■ What this task involves: With the pictures removed, write out the data below exactly.

■ Data provided:
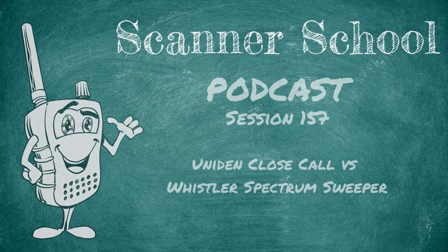Welcome back to the podcast. Two weeks ago on session 155, we were talking about Uniden's Close Call feature and how it works. Last week on session 156, we talked about Whistler's Spectrum Sweeper, also known as the Signal Stalker. We went through each one in their own dedicated podcast. Today we're going to put a pretty bow on it — it is the holiday season — and we are going to put them head-to-head. Which one works best and which one would I prefer?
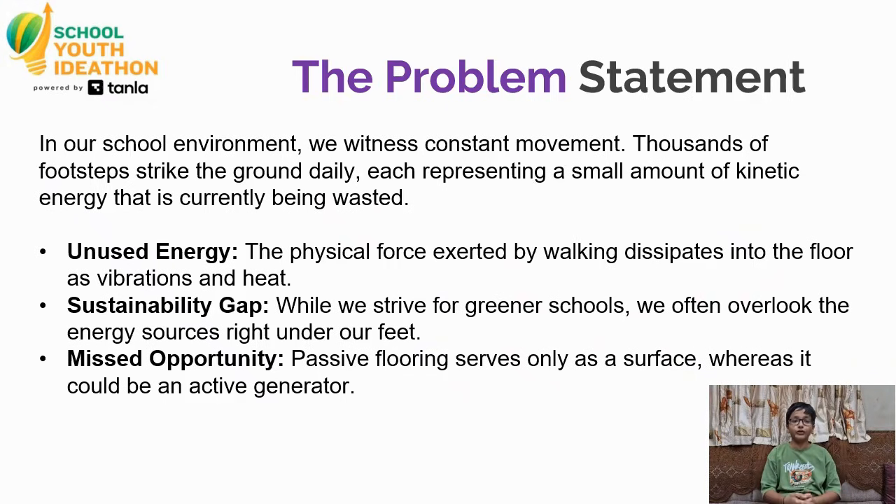Let us start with the problem. In our school, we witness constant movement. Thousands of footsteps strike the floor every single day. Right now, this represents unused energy. The force we exert just disappears into the floor as vibrations. This is a sustainability gap. While we try to be green, we are missing the opportunities right under our feet to turn passive flooring into active power tiles.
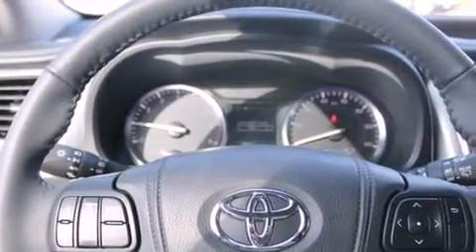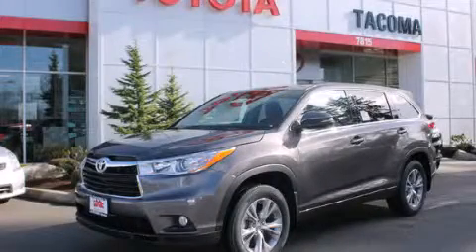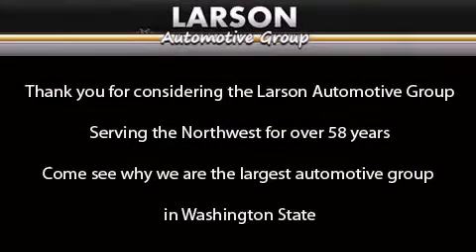We hope you found this video informative. Please contact us today. Thank you for considering the Larson Automotive Group, serving the Northwest for over 58 years. Come see why we are the largest automotive group in Washington State.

■ Solution to the problem:
Welcome back to the podcast. Two weeks ago on session 155, we were talking about Uniden's Close Call feature and how it works. Last week on session 156, we talked about Whistler's Spectrum Sweeper, also known as the Signal Stalker. We went through each one in their own dedicated podcast. Today we're going to put a pretty bow on it — it is the holiday season — and we are going to put them head-to-head. Which one works best and which one would I prefer?
Let us start with the problem. In our school, we witness constant movement. Thousands of footsteps strike the floor every single day. Right now, this represents unused energy. The force we exert just disappears into the floor as vibrations. This is a sustainability gap. While we try to be green, we are missing the opportunities right under our feet to turn passive flooring into active power tiles.
We hope you found this video informative. Please contact us today. Thank you for considering the Larson Automotive Group, serving the Northwest for over 58 years. Come see why we are the largest automotive group in Washington State.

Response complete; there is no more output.